The seasons showed different waterbird assemblages, with greater diversity during the summer. Guild structure was also different between seasons. Invertivorous waders and omnivorous waders showed greater abundance of individuals during the summer and, together with surface-feeding herbivores, they were the guilds which contributed most to the dissimilarity of assemblages. The structural characteristics and the environmental heterogeneity of the site are reflected in the presence of species with different habitat requirements. This can be observed in the presence of birds which make use of deep-water wetlands (Cygnus melancoryphus), shorelines (shorebirds), environments with dense vegetation (rails) and birds with specialist foraging behaviour (Phoenicopterus chilensis), amongst others.

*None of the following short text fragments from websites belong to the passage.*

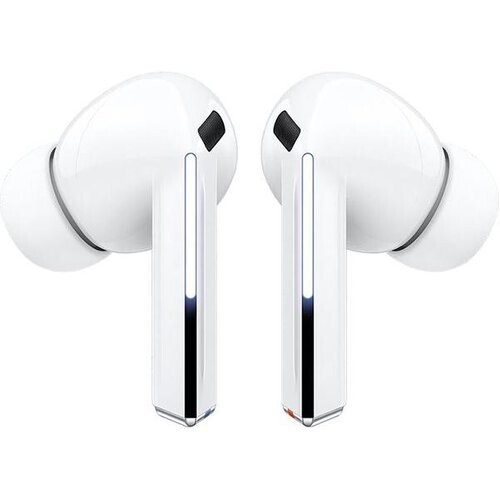 Give your music the attention it deserves with ...
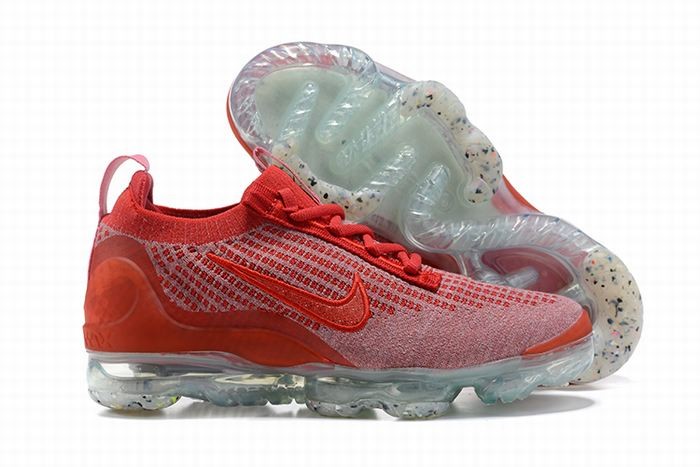 AIR VAPORMAX FLYKNIT 2021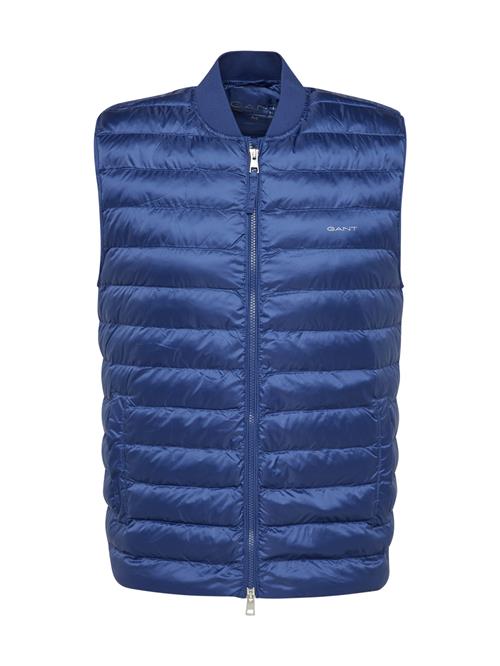 GANT Vest  ensian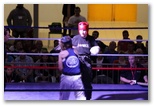 Gala 2014 - Energy Fight Club: img_5401.jpg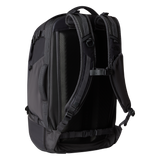 The North Face - Bcv Pro Travel Pack Base Camp - ANTHRACITE GREY/TNF Black - vista alternativa 2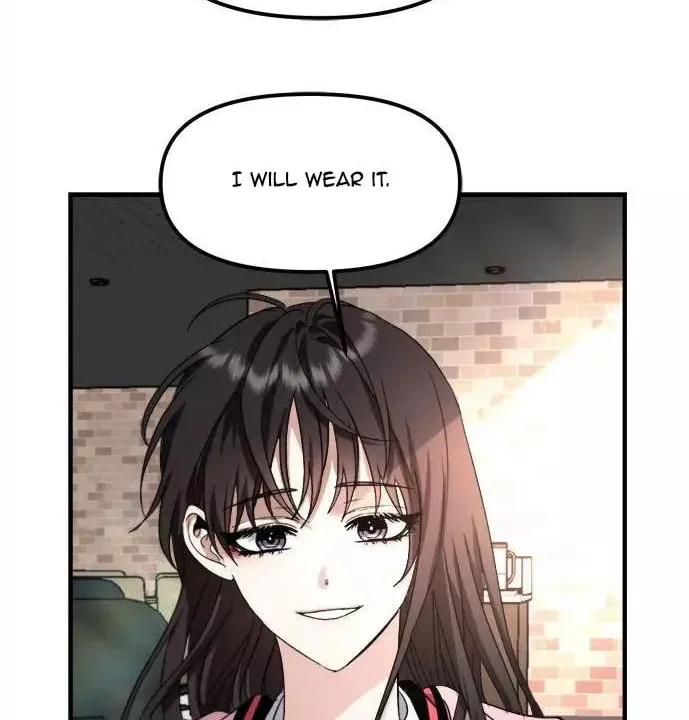 Read Dreaming Freedom chapter 55.5 image 31 on Lezhin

The relict wetlands of the central Monte Desert, such as the Laguna del Viborón, still have a high diversity of species in relation to its surface area. In addition to functioning as wildlife refuges, they act as biological corridors to high-productivity wetlands which have large waterbird populations. Nevertheless, the wetlands which concentrate a large part of the populations of certain bird species (Alvarez et al. 2018) are sometimes affected by intense disturbances (e.g. pollution, drainage and drought; Abrahan 2019); therefore, the wetlands with smaller surface area, such as Laguna del Viborón, become relevant, functioning as a network of alternative emergency refuges. Due to the fact that the central Monte Desert in Argentina has lost almost the entire surface area of wetlands, relict wetlands should be a conservation priority for government agencies. To ensure the conservation of the waterbirds of Laguna del Viborón, integrated management plans should be implemented with an approach based on multiple spatial scales and temporal variability, allowing the protection of both the water resource and the different types of habitats for birds.

Acknowledgements

We wish to thank field assistants who contributed with fieldwork (Maravilla M, Galera A, Carribero B, Sanchez R, Calderon M, Anzoategui Y, Precioso P and Guevara B) and the Cristobal Colón Fishing Club for granting the permits to conduct the study. This work was supported by Grupo Águila Coronada (Mendoza, Argentina). ET, AB and AS are post-doctoral fellows at CONICET.